An H2O2-resistant variant (OC14) of the HA1 Chinese hamster fibroblast cell line, which demonstrates cross resistance to 95% O2 and a 2-fold increase in total glutathione content, was utilized to investigate mechanisms responsible for cellular resistance to H2O2- and O2-toxicity. OC14 and HA1 cells were pretreated with buthionine sulfoximine (BSO) to deplete total cellular glutathione. Following BSO pretreatment, cells were either placed in 250 microM BSO to maintain the glutathione depleted condition and challenged with 95% O2, or challenged with hydrogen peroxide in the absence of BSO. Total glutathione and the activities of CuZn superoxide dismutase, Mn superoxide dismutase, catalase, glutathione peroxidase, and glutathione transferase were evaluated immediately following the BSO pretreatment as well as following 39 to 42 hr of exposure to 250 microM BSO. BSO treatment did not cause significant decreases in any cellular antioxidant tested, except total glutathione. Glutathione depletion resulted in significant (P < 0.05) sensitization to O2-toxicity and H2O2-toxicity in both cell lines at every time point tested. However, glutathione depletion did not completely abolish the resistance to either O2- or H2O2-toxicity demonstrated by OC14 cells, relative to HA1 cells. Also, glutathione depletion did not effect the ability of OC14 cells to metabolize extracellular H2O2. These data indicate that glutathione dependent processes significantly contribute to cellular resistance to acute H2O2- and O2-toxicity, but are not the only determinants of resistance in cell lines. The contribution of aldehydes formed by lipid peroxidation in mechanisms involved with the sensitization to O2-toxicity in glutathione depleted cells was tested by measuring the lipid peroxidation byproduct, 4-hydroxy-2-nonenal (4HNE), bound in Schiff-base linkages or in its free form in cell homogenates at 49 hr of 95% O2-exposure. No significant increase in 4HNE was detected in glutathione depleted cells relative to glutathione competent cells, indicating that glutathione depletion does not sensitize these cells to O2-toxicity by altering the intracellular accumulation of free or Schiff-base bound 4HNE.

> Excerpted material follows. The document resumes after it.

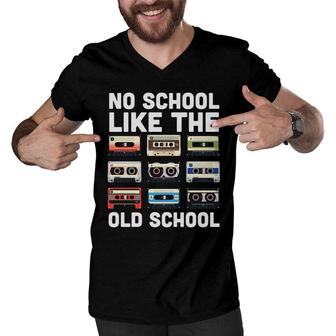 No School Like The Radio Old School 80S 90S Styles Men V-Neck Tshirt - Seseable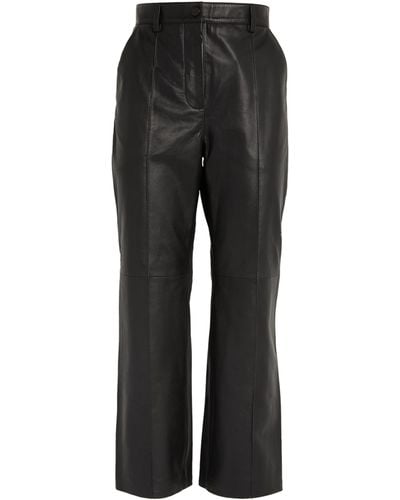 Yves Salomon Lambskin Tailored Trousers - Black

机译:一个(OC14) HA1 H2O2-resistant变体中国仓鼠纤维母细胞细胞系展示了交叉95% O2和阻力总谷胱甘肽含量增加2倍,利用调查的责任机制细胞抗过氧化氢和O2-toxicity。OC14 HA1细胞被使用buthionine sulfoximine (BSO)耗尽细胞谷胱甘肽。细胞被放置在250 microM BSO维持谷胱甘肽耗竭条件和挑战有95% O2或挑战过氧化氢在缺乏BSO。谷胱甘肽和CuZn超氧化物的活动岐化酶、锰超氧化物歧化酶、过氧化氢酶谷胱甘肽过氧化物酶,谷胱甘肽转移酶进行评估之后BSO预处理以及后39250 microM BSO 42小时的接触。治疗没有造成显著的减少任何细胞抗氧化测试,除了总谷胱甘肽。显著(P < 0.05)敏化O2-toxicity和H2O2-toxicity细胞系在每一个时间点测试。消耗不完全废除O2 -或H2O2-toxicity阻力证明了OC14细胞,相对于HA1上细胞。OC14细胞代谢的能力细胞外过氧化氢。谷胱甘肽显著相关的流程导致细胞抗急性过氧化氢-和O2-toxicity,但并不是唯一的决定因素的抵抗细胞系。醛脂质形成的贡献过氧化反应的机制敏化O2-toxicity谷胱甘肽耗尽电池测试通过测量脂质过氧化反应副产品,4-hydroxy-2-nonenal在席夫碱(4 hne),联系或在它49岁自由形式在细胞匀浆95%的人力资源O2-exposure。在谷胱甘肽耗竭发现细胞相对谷胱甘肽有能力的细胞,这表明谷胱甘肽耗竭不进行宣传通过改变细胞O2-toxicity细胞内积累的免费或席夫碱绑定4 hne。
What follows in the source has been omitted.